Ferdinando De Matthaeis

Personal information
- Full name: Ferdinando De Matthaeis
- Date of birth: May 29, 1961 (age 65)
- Place of birth: Alberona, Italy
- Height: 5 ft 10 in (1.78 m)
- Position: Midfielder

Senior career*
- Years: Team / Apps / (Gls)
- 1979–1980: Lucera
- 1981–1984: New York Cosmos (indoor) / 37 / (17)
- 1982–1984: New York Cosmos / 1 / (0)
- 1986: Brooklyn Italians
- 1987–1988: US Ragusa
- 1989: New Jersey Eagles (ASL) / 20 / (1)
- 1990: Boston Bolts (APSL) / 18 / (0)
- 1991–1992: New Jersey Arrows
- 1993–1994: New Jersey Stallions

Managerial career
- IMG Academy
- 2014: Miami United
- 2015–2016: Miami Fusion
- 2016–2017: NJ Ceder Stars
- 2017: Miami Fusion
- 2019–2021: Miami United

= Ferdinando De Matthaeis =

Italian footballer

Ferdinando De Matthaeis (born May 29, 1961) is a retired professional Italian footballer who played for the New York Cosmos.
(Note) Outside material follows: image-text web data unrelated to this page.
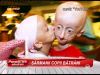 Sindromul Progeria - o boala cumplita si rara transforma copii de 10 ani in batrani de 70 de ani! VIDEO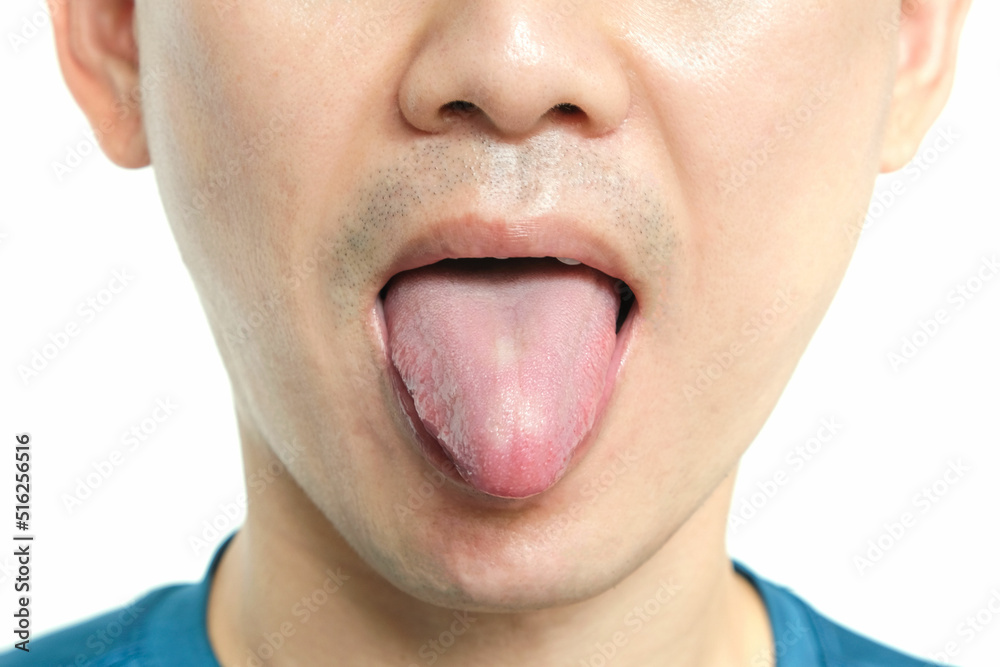 Close-up of a young man. He sticks his tongue out of his mouth to show his tongue. health and medical concepts Close-up of a young man. He sticks his tongue out of his mouth to show his tongue. health and medical concepts
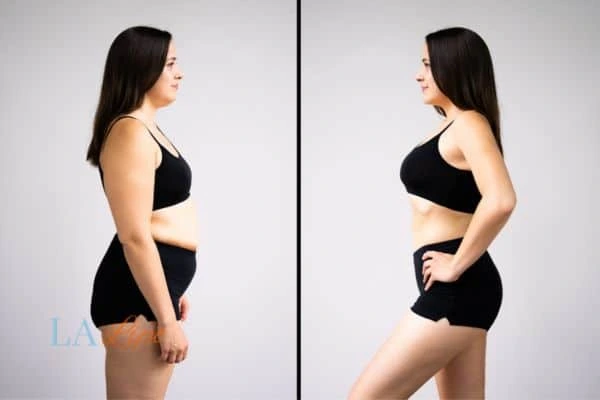 image of woman before and after results of LA-EMS Body Sculpting Greater London (Barking and Dagenham) to help treat Diastasis recti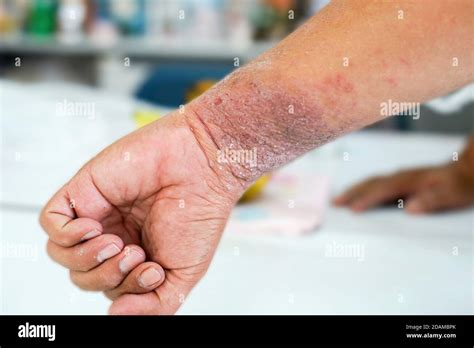 Small Blisters On The Skin Hi Res Stock Photography And Images Alamy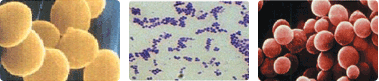 황색포도상구균 미생물 현미경 사진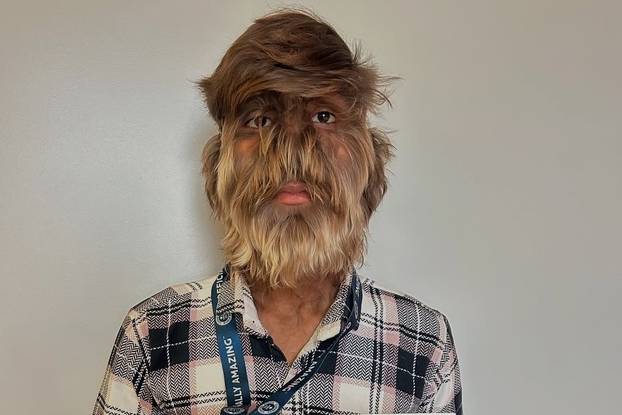 FOTO Ovaj mladić (18) pati od sindroma vukodlaka: U školi me sprdaju, ali volim svoje dlake...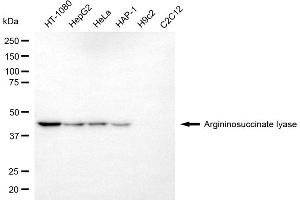 Western blotting analysis using argininosuccinate lyase antibody (ABIN7797646).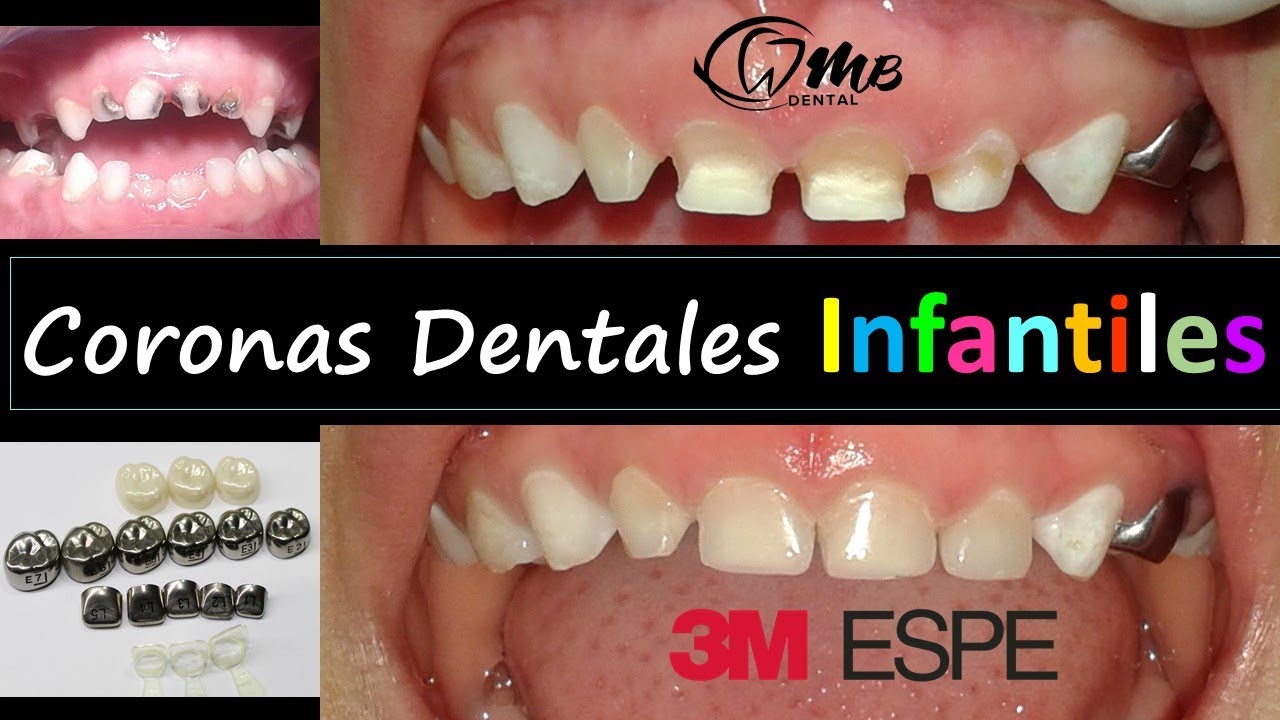 Watch Coronas Dentales INFANTILES. Odontopediatría. Now Coronas Dentales INFANTILES. Odontopediatría.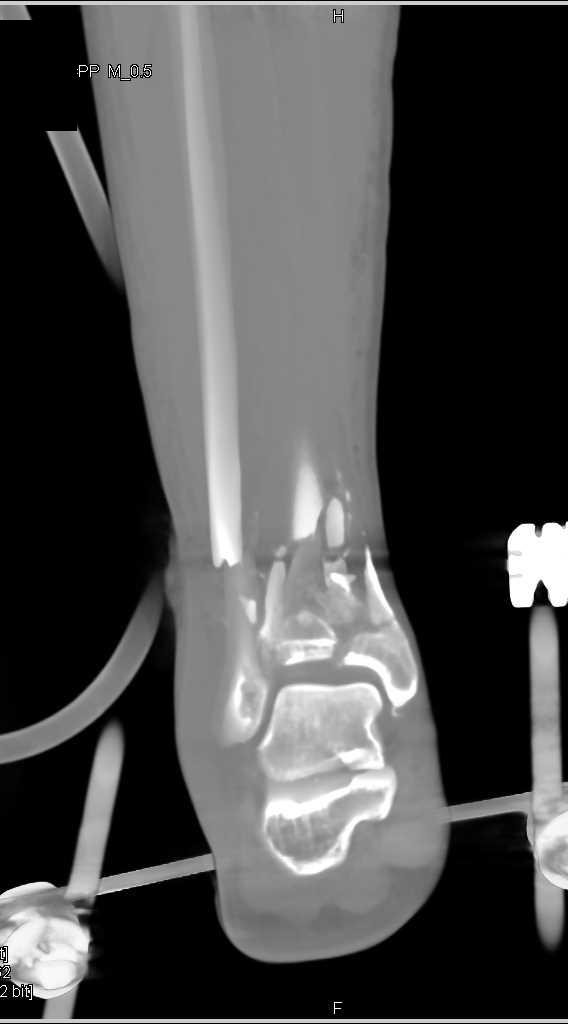 distal tibia fibula fracture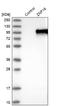 Zinc Finger Protein 16 antibody, NBP1-81343, Novus Biologicals, Western Blot image 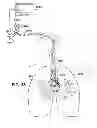 Fig. 16 - Medical tubes for selective mechanical ventilation of the lungs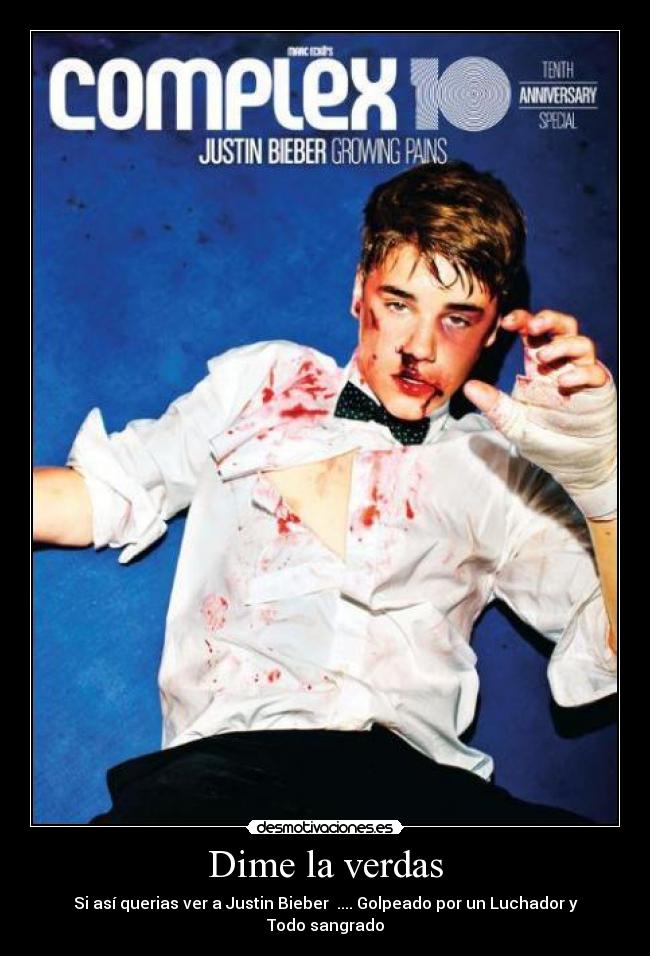 Dime la verdas - Si así querias ver a Justin Bieber .... Golpeado por un Luchador y Todo sangrado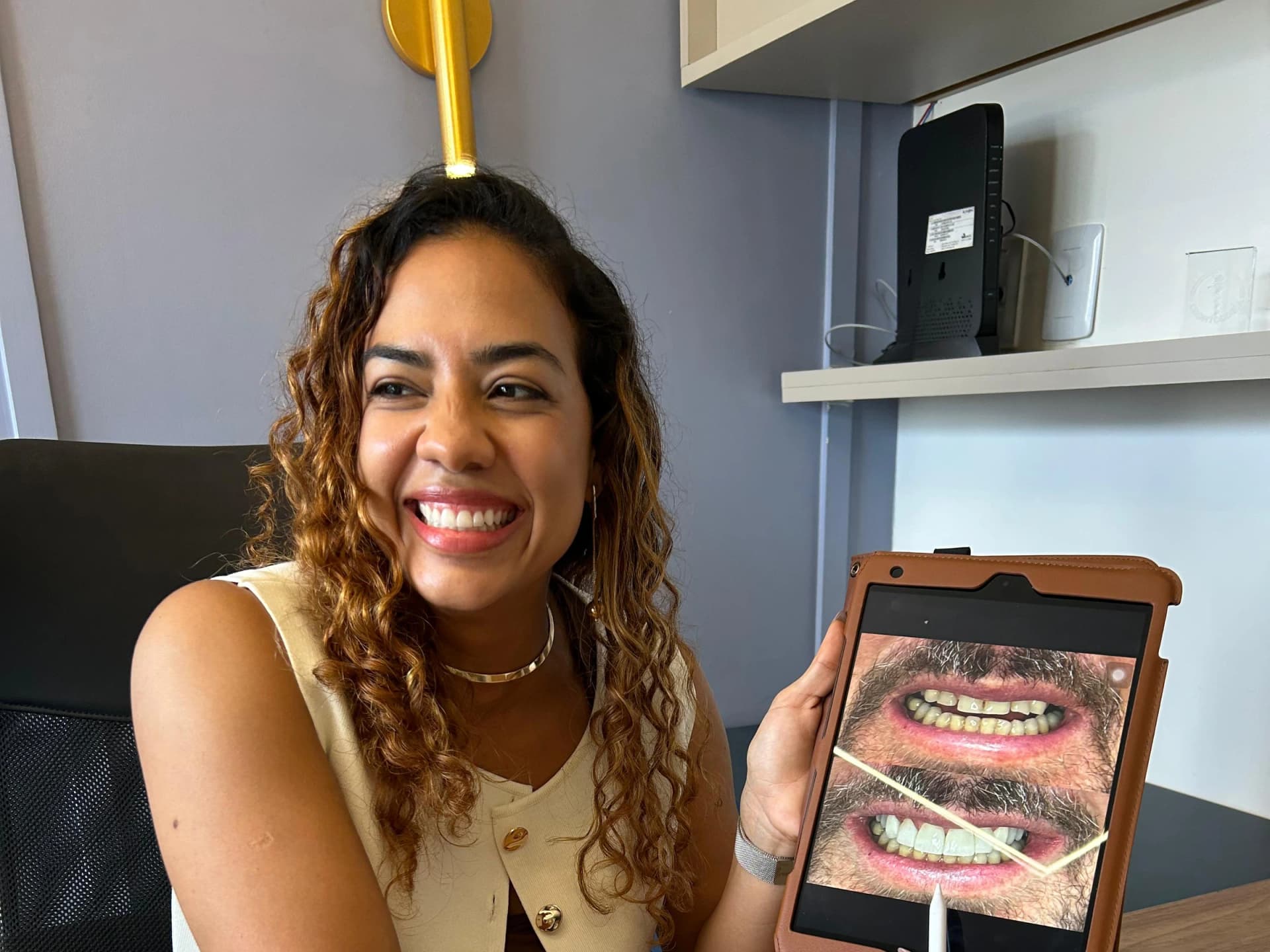 Caso clínico de estética dental e harmonização orofacial – Dra. Maria Santana Salvador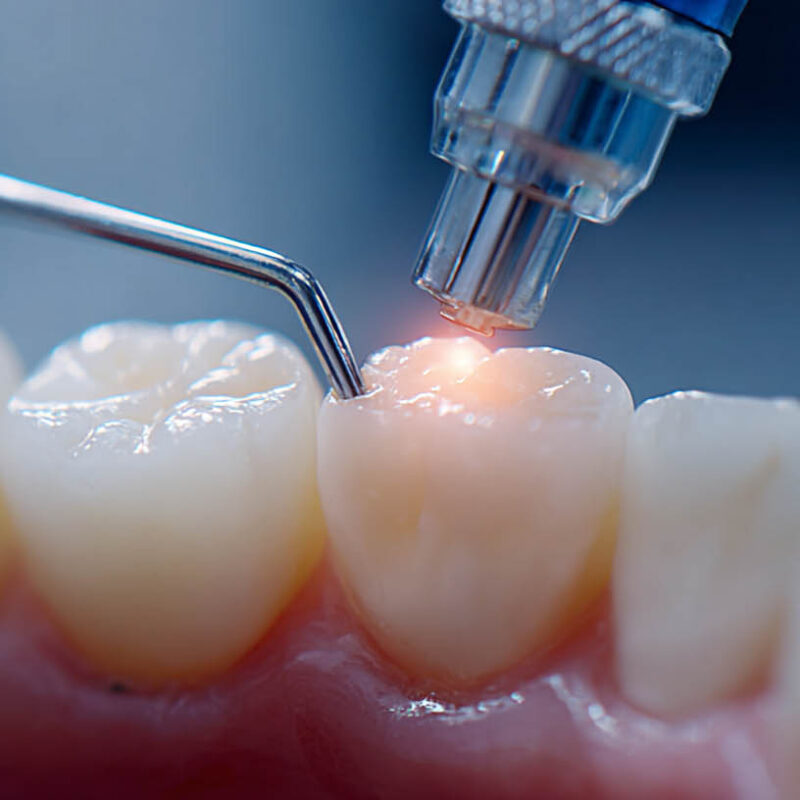 limpieza dental automatizada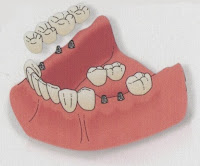 http://dentist-india-delhi.com/Dental-Implants.php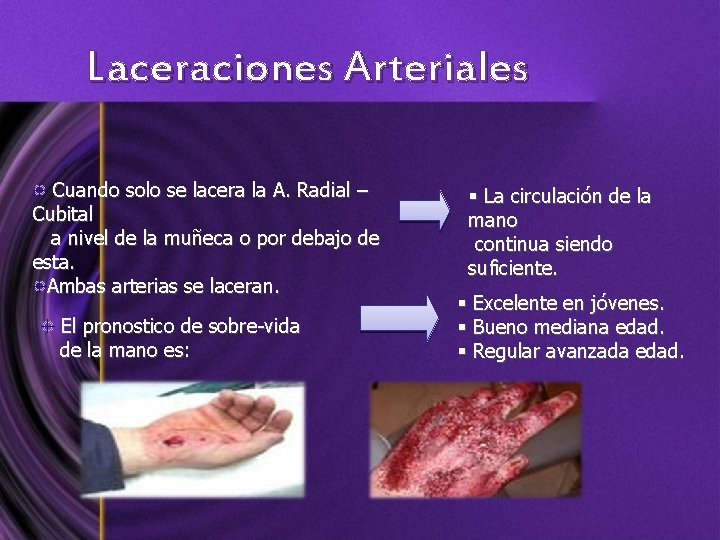Laceraciones Arteriales Cuando solo se lacera la A. Radial – Cubital a nivel de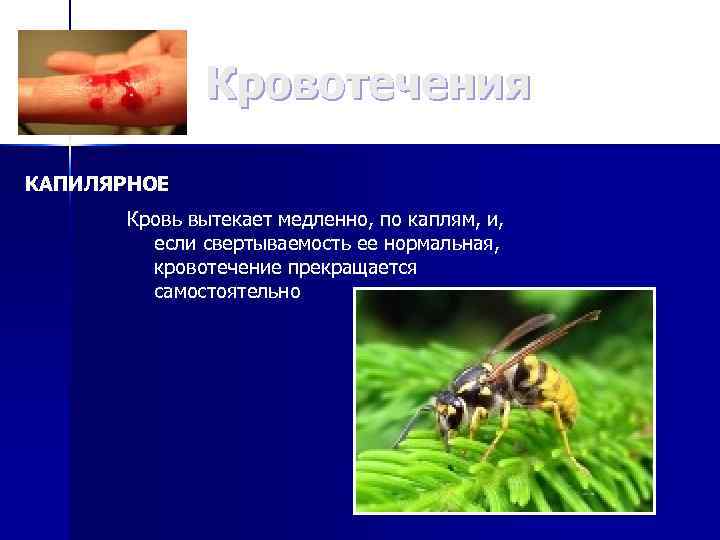 Кровотечения КАПИЛЯРНОЕ Кровь вытекает медленно, по каплям, и, если свертываемость ее нормальная, кровотечение прекращается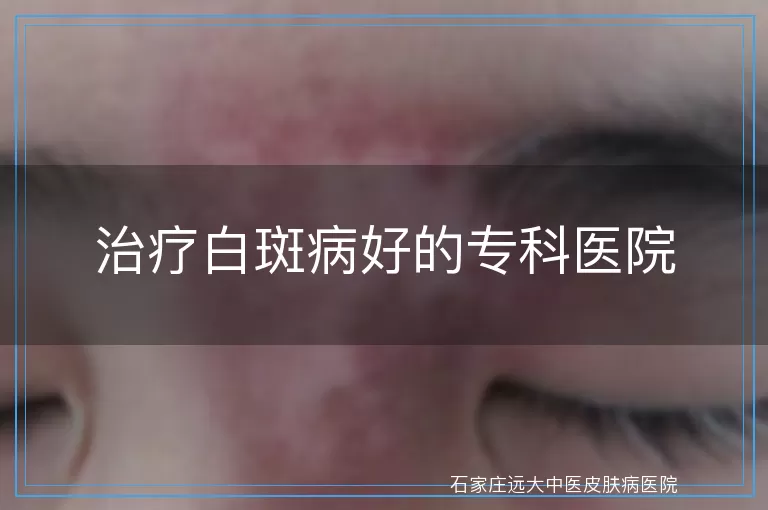 治疗白斑病好的专科医院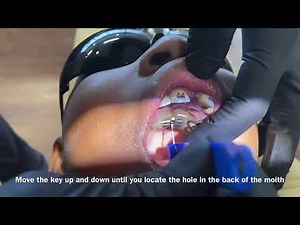 Can't Turn Expander- Stuck?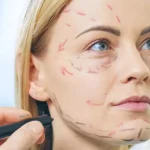ورم بعد از جراحی لیفت صورت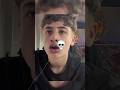 Kylie Jenner Lip Challenge GONE WRONG Funny SHORTS Skull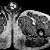 thumbnail image of Bartonella henselae/Bacillary angiomatosis: soft-tissue mass in the right thigh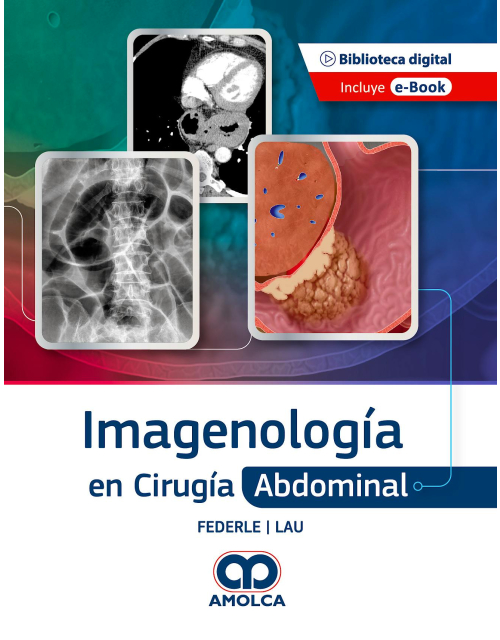 Imagenología en Cirugía Abdominal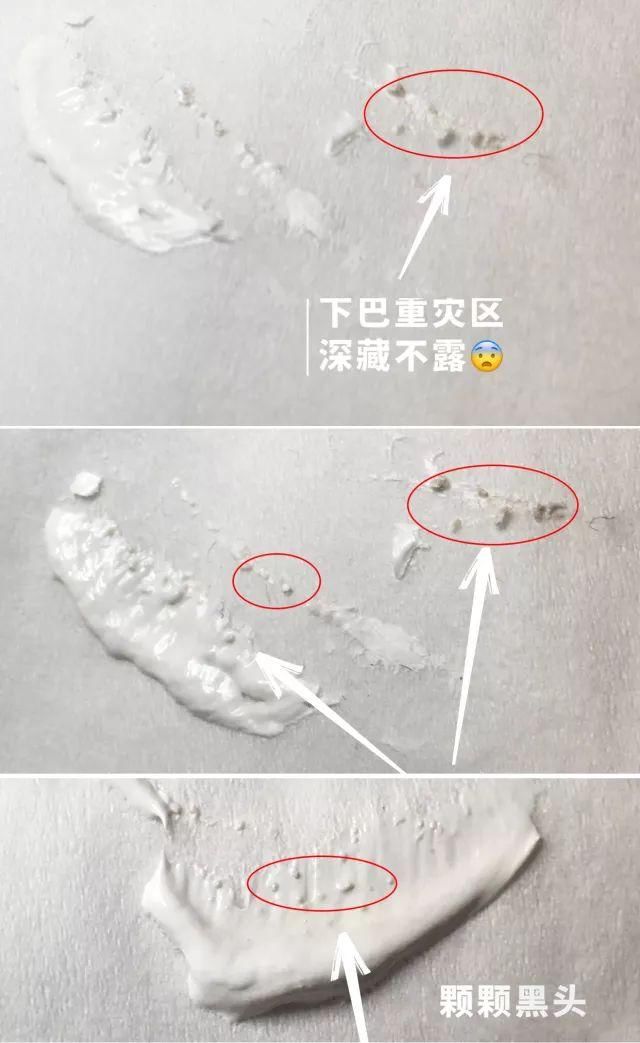 拔出黑头粉刺,地毯式清洁肌肤,还能缩小毛孔!素颜也自带妆容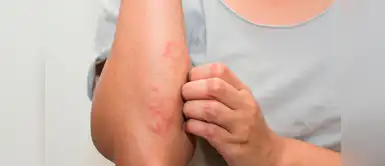 Estos son los síntomas que puedes sentir si tienes estrés en exceso. 16 formas en las que el estrés afecta a tu cuerpo y tú no lo notaste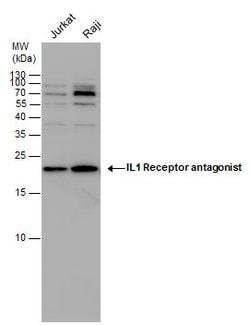 Invitrogen IL1RA Polyclonal Antibody 100 &mu;L; Unconjugated:Antibodies,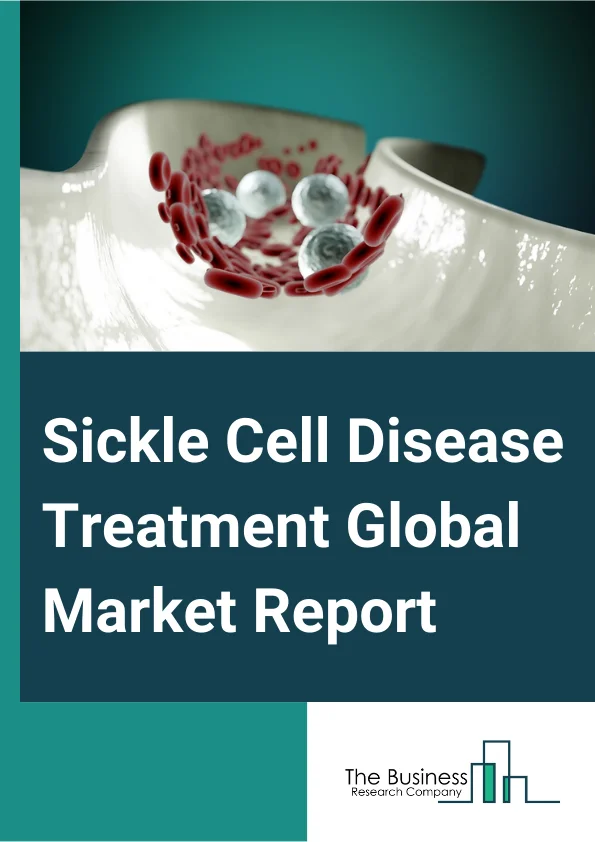 Sickle Cell Disease Treatment Global Market Report 2024 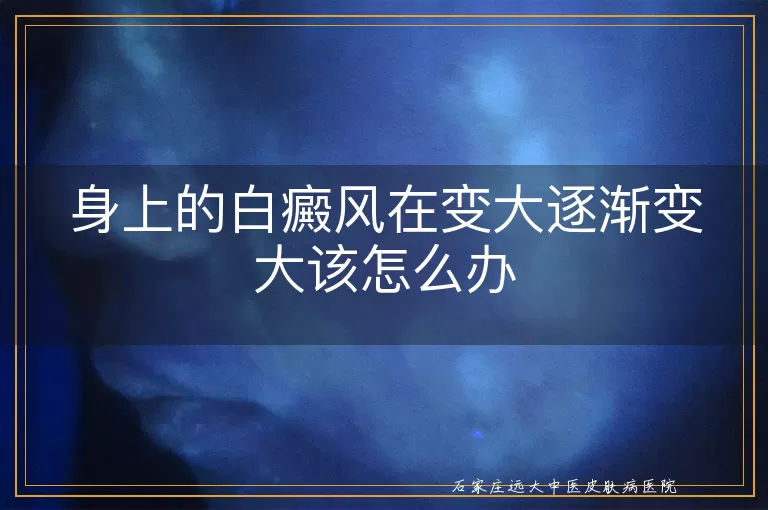 身上的白癜风在变大逐渐变大该怎么办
He formerly served as head coach of Miami United FC in the National Premier Soccer League.

== Playing career ==
De Matthaeis spent the majority of his fifteen-year professional career with the New York Cosmos, with brief periods in Italy. He was invited to a National team training camp towards the end of his career. During his time with the Cosmos, he had the privilege of playing alongside legends such as Carlos Alberto, Franz Beckenbauer, and Giorgio Chinaglia. He appeared 38 times over 4 years for the New York Cosmos from 1981 to 1984. During his career with the Cosmos he scored 17 times and assisted on 12 goals in both indoor and outdoor competitions.

== Coaching career ==

De Matthaeis coached at IMG Academy in Sarasota, Florida for a number of years, where he developed young athletes in preparation for the next level. In 2014 De Matthaeis moved to Miami, Florida where he became head coach of Miami United FC (NPSL). During his only year in charge he posted a record of 7–3–0 and won the NPSL Sunshine Conference. He became the only Miami United FC head coach to go undefeated during the regular season. In 2015 with the help of another ownership group he founded the Miami Fusion FC of the NPSL. He would coach them in their first season of play to a NPSL Sunshine Conference championship over his former team Miami United FC. With this win he would secure a place for the Miami Fusion FC in the 2016 US Open Cup in their first season.